• [EXERCISE AIM]: Apart from the images, every record below must be given again without alteration.

(SUPPLIED MATERIAL begins)

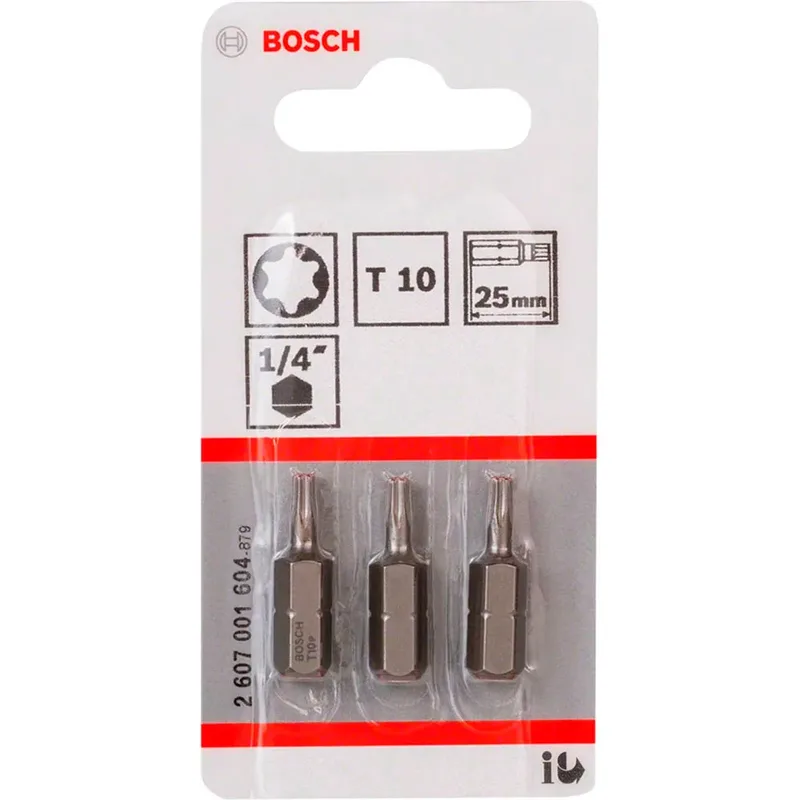 Bit extra-hard T10 - 25 mm - 3 stuks by Bosch – product image 2 of 2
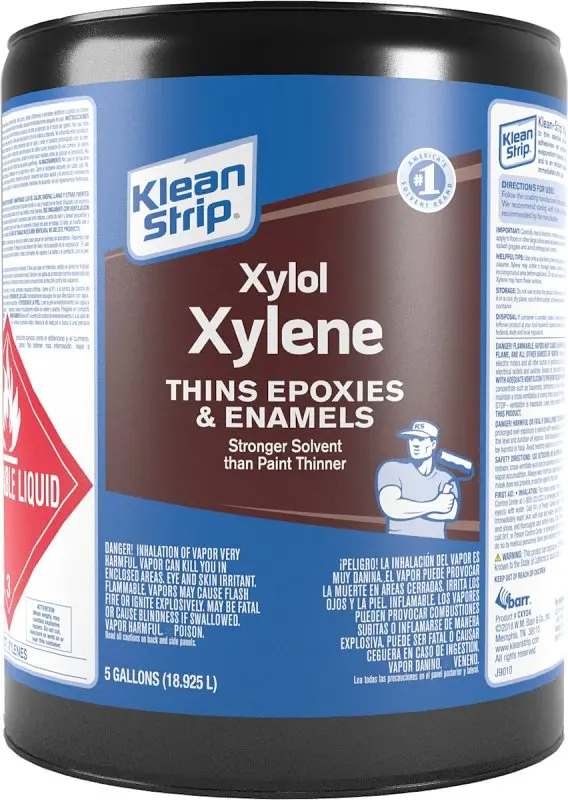 Klean Strip Cxy24 Xylol (Xylene) Solvent – 5-Gallon Sweet-Aromatic Hydrocarbon Cleaner 1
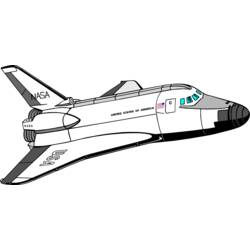 Coloring page: Spaceship (Transportation) #140632 - Printable coloring pages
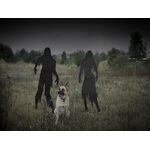 EUROPALMS Silhouette Metall Zombie Frau, 135cm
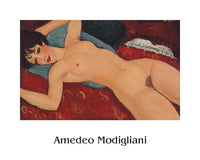 Affiche Art Amedeo Modigliani Liegender Akt l 50x40cm AMO 2000 PGM | Yourdecoration.fr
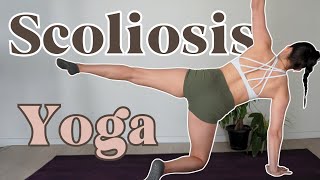 Two Intermediate Scoliosis Yoga Exercises [upl. by Mines]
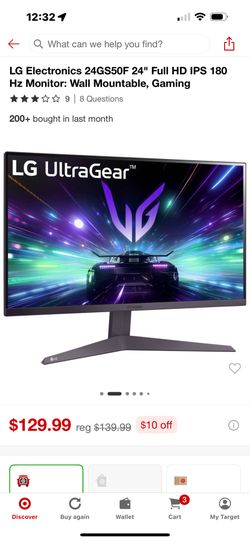 LG ULTRAGEAR MONITOR 24”
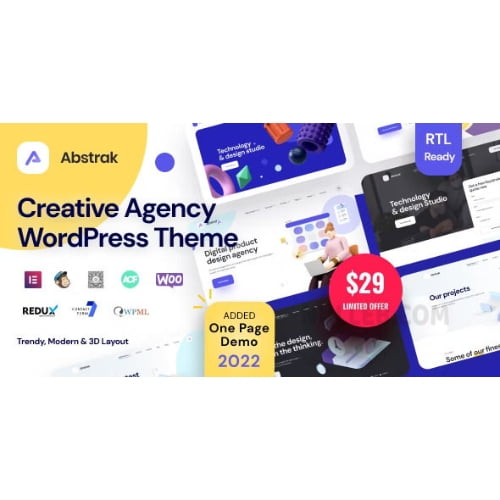 Abstrak Creative Agency Theme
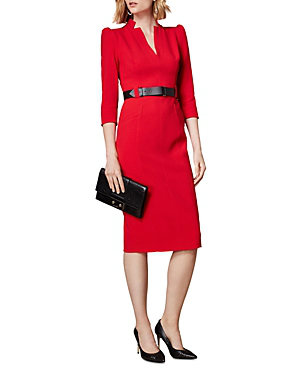knee length pinafore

(SUPPLIED MATERIAL ends)

• [RESULT BELOW]:
 Bit extra-hard T10 - 25 mm - 3 stuks by Bosch – product image 2 of 2
 Klean Strip Cxy24 Xylol (Xylene) Solvent – 5-Gallon Sweet-Aromatic Hydrocarbon Cleaner 1
 Coloring page: Spaceship (Transportation) #140632 - Printable coloring pages
 EUROPALMS Silhouette Metall Zombie Frau, 135cm
 Affiche Art Amedeo Modigliani Liegender Akt l 50x40cm AMO 2000 PGM | Yourdecoration.fr
 Two Intermediate Scoliosis Yoga Exercises [upl. by Mines]
 LG ULTRAGEAR MONITOR 24”
 Abstrak Creative Agency Theme
knee length pinafore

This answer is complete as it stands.